As I get older, I get more and more worried about the general sense of university as the best days of your life. I mean, Oxford has exceeded my expectations by yards, and yet I still sometimes get that itchy sense that my life just isn’t as good as how I want to be able to say it was, in twenty years time. And talking to Simon Reynolds, that feeling is back with bells on. He’s one of the most interesting music journalists Britain has, and yet he went to university in a town which (let’s face it) lacks the kind of interest in its music scene which would spark the fascination of a twenty-something who had ‘the absolute fixed notion I was going to be a music journalist’.
‘Music on a national level, and the music papers, above all the NME inspired me to want to do music journalism’
From asking about his experiences, Oxford seems a bit more glistening. I start by questioning him about the music scene when he was here. He lists the Oxford Apollo (now the New Theatre), and a slightly more exciting-sounding ‘discotheque called Scamps’. But even with a few exciting names popping up – The Smiths, for example, or Elvis Costello – Reynolds notes that it wasn’t the music scene in Oxford that really got him into music journalism, but rather ‘music on a national level, and the music papers, above all the NME, that inspired me to want to do music journalism’.
But it isn’t the music scene that I’m envious of, even if being able to roll off – as he can – that I had seen The Fall ‘at their absolute most fierce, dense, discordant, impenetrable’. It’s rather the general sense that he gives of his time here, how his major influences were his friends; ‘a bunch of misfit, intellectual types’, which included a best friend who was ‘doing a dissertation that involved Derrida and deconstruction’, and another who was a ‘full-on feminist’. It seems for Reynolds, Oxford’s main impact on his life was that it provided the opportunity for making friends and having fun and, as he puts it, ‘the adventure of being a young adult away from home for the first time, and all the socialising and just doing things like staying up all night talking’.
But from a man as astute and eloquent as Reynolds, it’s hard to believe that if it wasn’t the History degree (he was at Brasenose in the early 80s) which gave him his way with words, he must have been ‘staying up all night talking’ about something pretty interesting.
He was also influenced by books, he concedes, but mainly ‘those I would read in my spare time’, mainly ‘a lot of French critical theory – Foucault, Barthes, etc – and also subcultural theory and academic work on pop culture’. Talking about his work later he says that ‘post-structuralism and the French critical crew had a big influence on me’. His main regret reflects a similar tendency for diversity and intellectual curiosity; he wishes that he ‘had taken advantage of stuff at Oxford, like going to lectures that weren’t on my course’.
Reynolds also avoided the traditional journalistic channels in Oxford, though not – as he notes – as an act of ‘defiance’, and instead published his first fanzine while here.

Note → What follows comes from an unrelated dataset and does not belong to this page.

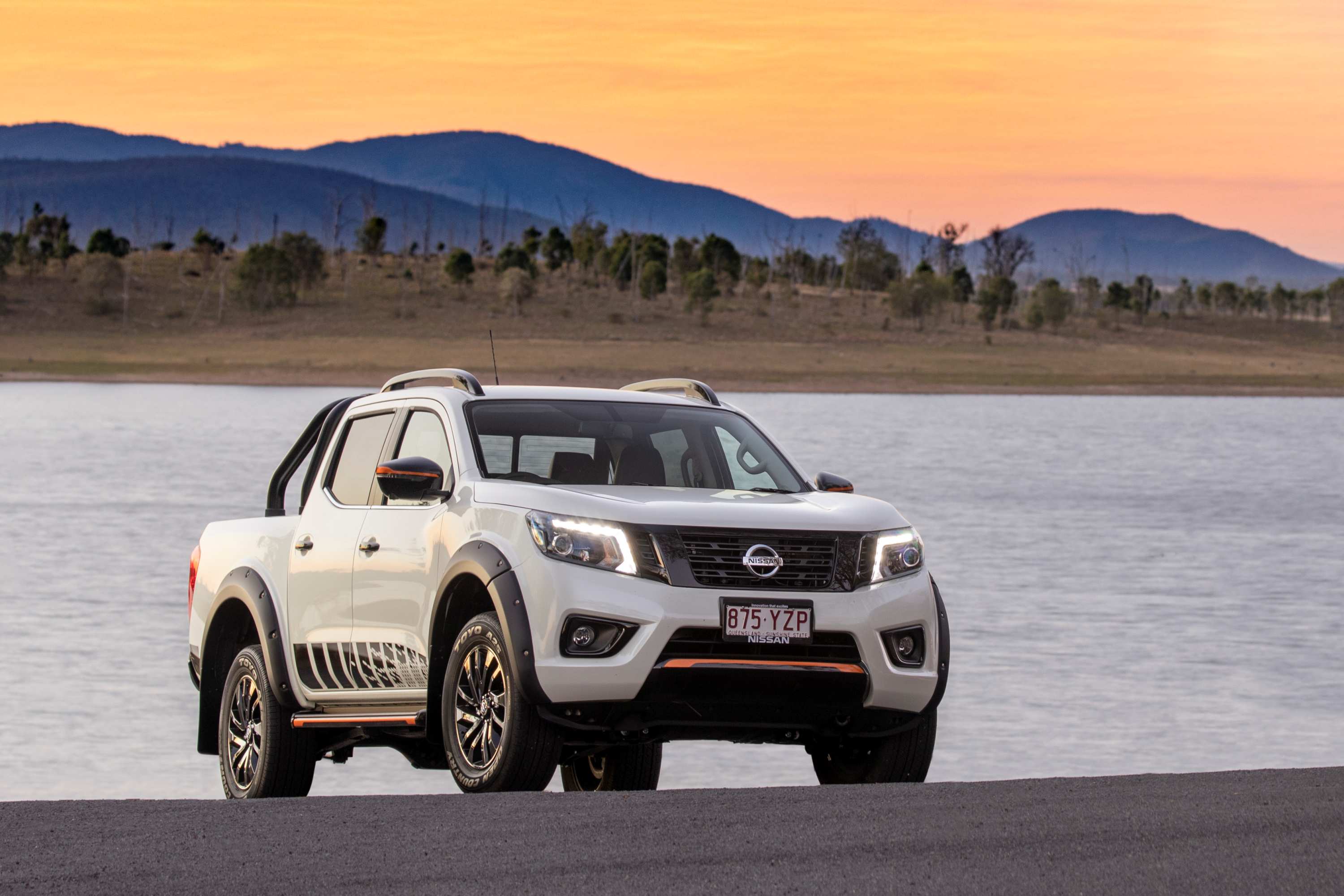 2019 Nissan Navara N-TREK water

This was a production called Margin that they attempted to start as a full zine but became a ‘wall poster that was in every college and all over town’. This developed after he graduated (though still in Oxford) into another called Monitor, which he took to London.
‘Independent production in the music industry generates a lot of crap and just middling stuff’
Having had this experience, I ask him how he considers independent production more generally. For him, independent production gave the chance to create something with ‘a really potent hit of what you’re about’, and gives you something different, ‘as opposed to being dispersed amid a sea of other text’. However, despite this positivity, he seems a lot less enthusiastic about the idea of independent production in the music industry. ‘It’s good,’ he concedes, but it ‘generates a lot of crap and just middling stuff’, with a ‘ratio that is better than the non-independent production by not that much’.
It seems that he is objecting not to the concept of independent production – something which should be appreciated for its role as ‘an outlet for a lot of weirdo perspectives that would otherwise not get out there’ – rather the idea that independent is equivalent to interesting or original.
‘The interesting zone in music is where the underground breaks into the mainstream’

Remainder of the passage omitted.